Published 12 December 2005

Philosophy: the latest answers to the oldest questions Nicholas Fearn Atlantic, 225pp, £17.99 ISBN 1843540665

The number of popular philosophy books being published is heartening. People are clearly dissatisfied with gross materialism, and want to reach beyond it. Sometimes, however, this trend seems like the ultimate in decadence. Pampered with massage and manicure, the leisured classes are now devoting themselves to honing their minds.
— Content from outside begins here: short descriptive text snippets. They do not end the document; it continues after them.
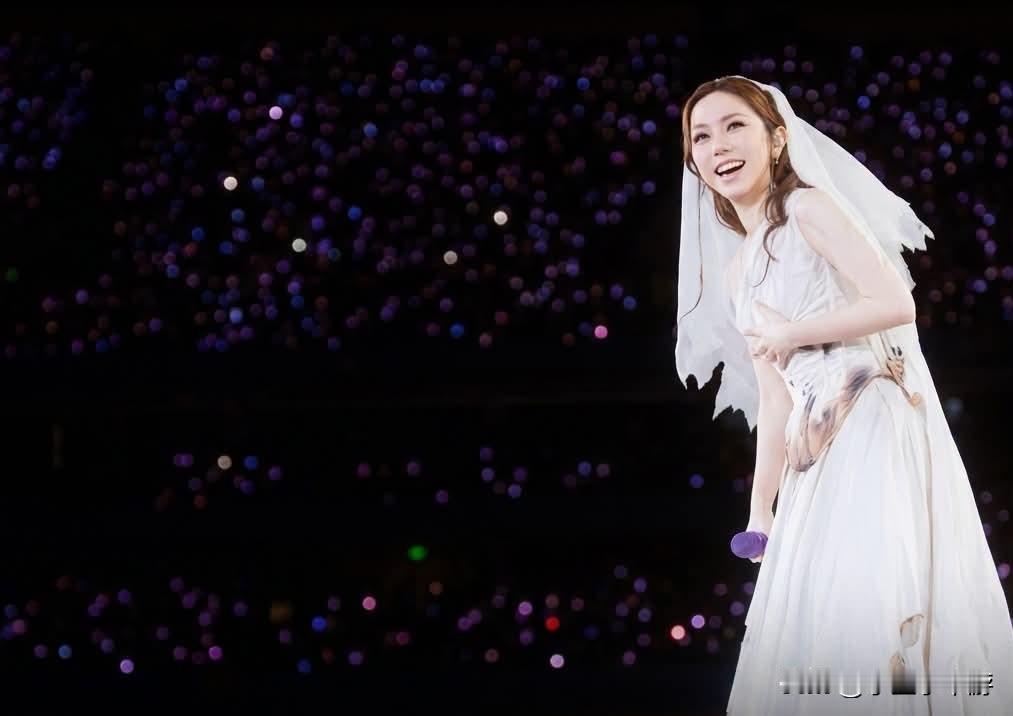 八年爱情长跑，邓紫棋被曝在纽约教堂低调完婚。这位香港歌后升格为人妻，不过比起浪漫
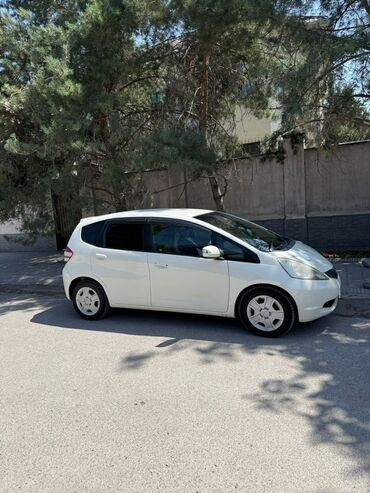 срочно фит сатылат: Honda Fit: 2010 г., 1.3 л, Бензин, Хетчбек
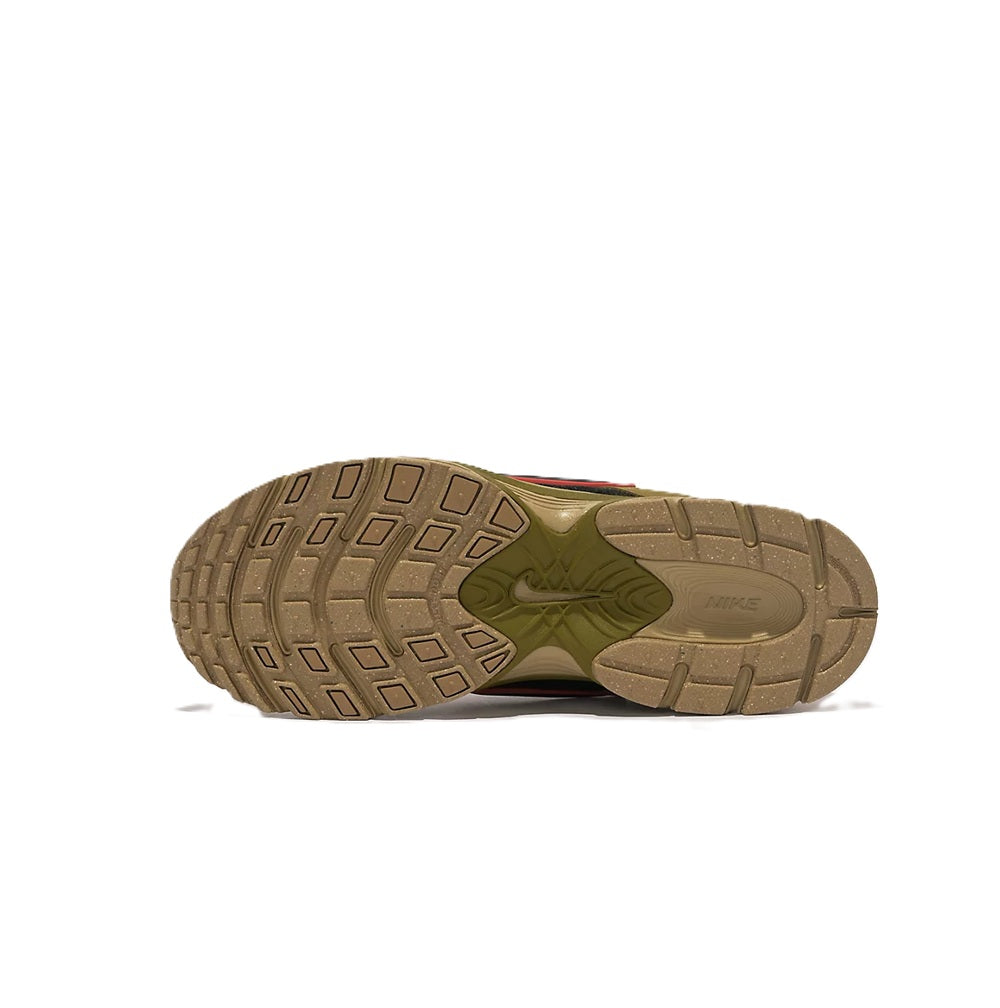 Men's Nike V5 RNR outsole view, tan tread with green heel logo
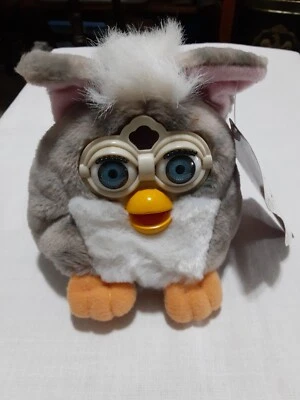 Vintage Furby Buddies 1999 Bolsa de Feijão de Pelúcia Listra Cinza Olhos Azuis Com Etiqueta “Me Abrace” - Imagem 1 de 3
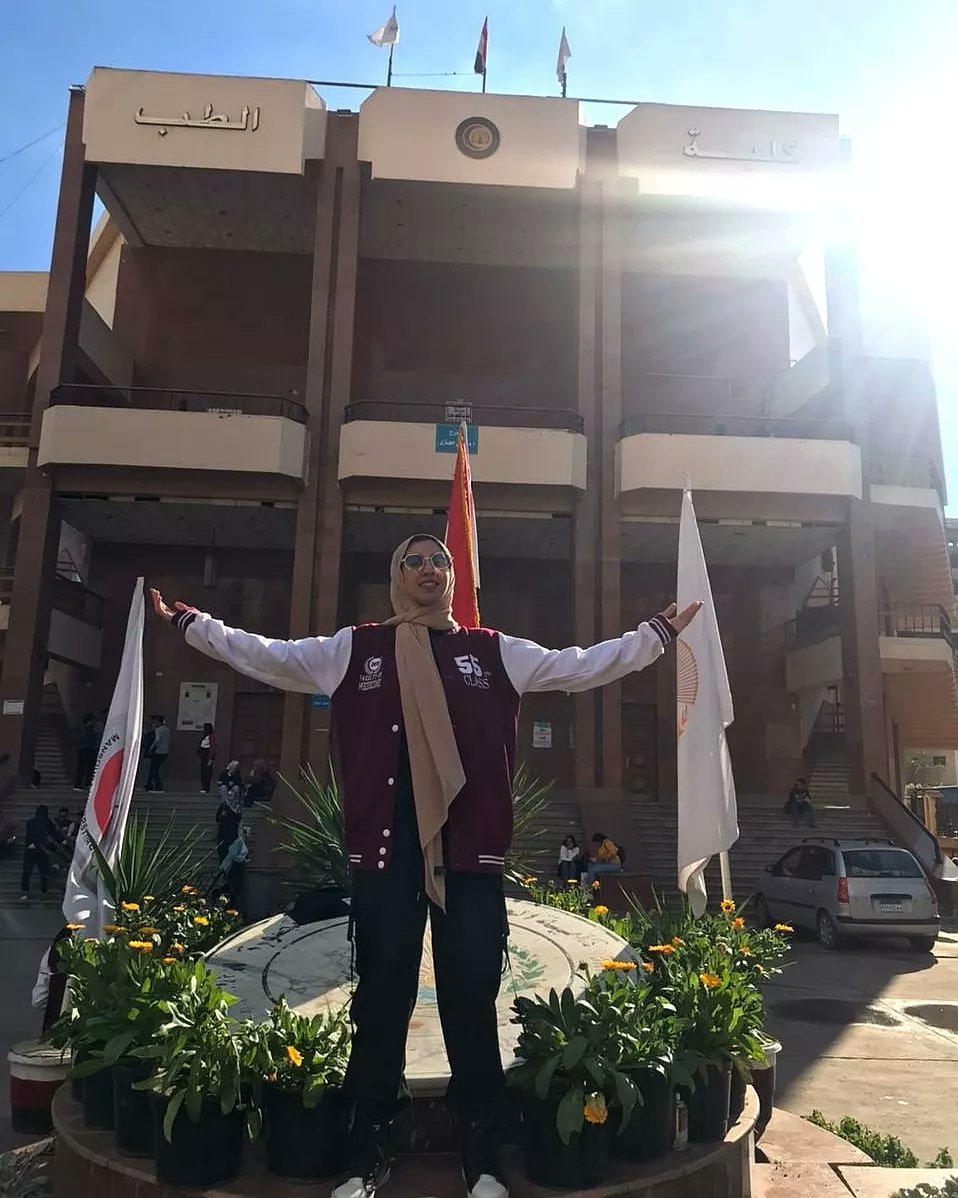 RihamDiaa1's tweet photo. الحمدلله الذي أعانني وعلى طريق العلم صبرني ❤️
وبكدا انتهت رحلة 6 سنين ونص 😭🥳
#٥٥عالاسفلت
#55MU https://t.co/pvhTN2Q1b0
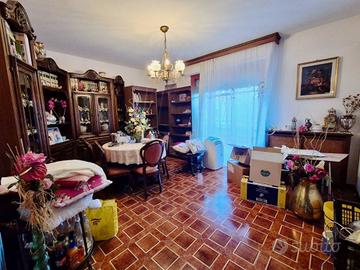 Appartamento di 100 m² con 4 locali e box auto a P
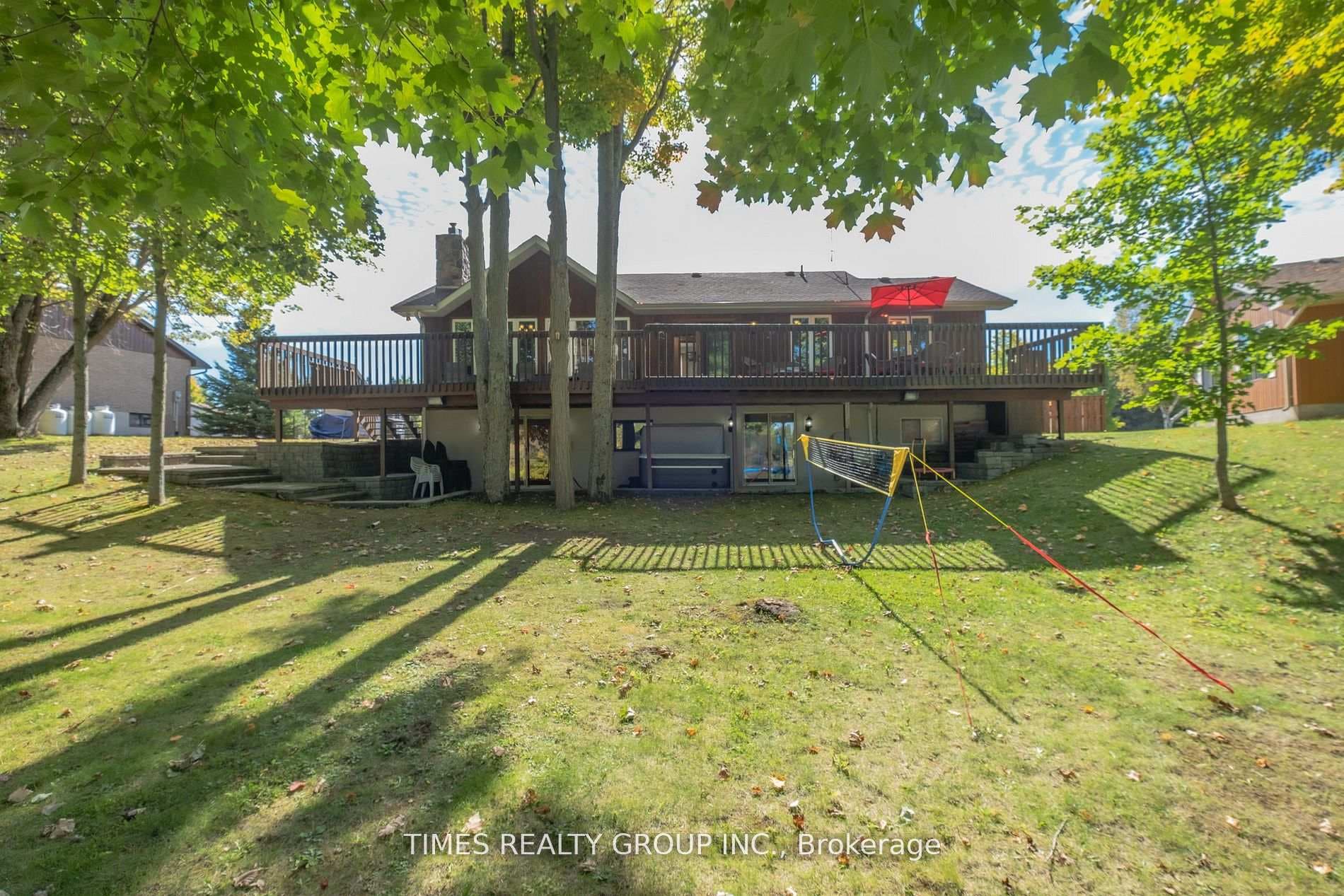 26 Evans Drive photo 3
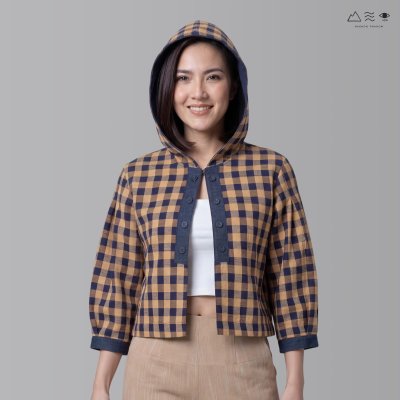 เสื้อฮู้ดผ้าฝ้ายทอมือ ญ เปลือกไม้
This book is not for those who seek the easy and emollient mind-massage. It is a young man's work - vigorous, bracing, demanding. "Now is an ideal time to take an audit of western philosophy," Fearn declares. His quest to find the "latest answers to the oldest questions" takes him to universities and private houses across America and Europe, where he interviews some of the world's foremost philosophers. His remit is to sum up what he hopes are the best available answers to three core questions: "Who am I? What do I know? What should I do?" Although these questions (and the many problems they embrace) have inspired philosophers through the ages, they have proliferated into meticulously technical minutiae that are too obscure for most general readers to understand. Fearn's triumph is to bridge the gap between glib, crowd-pleasing philosophy and the severely academic.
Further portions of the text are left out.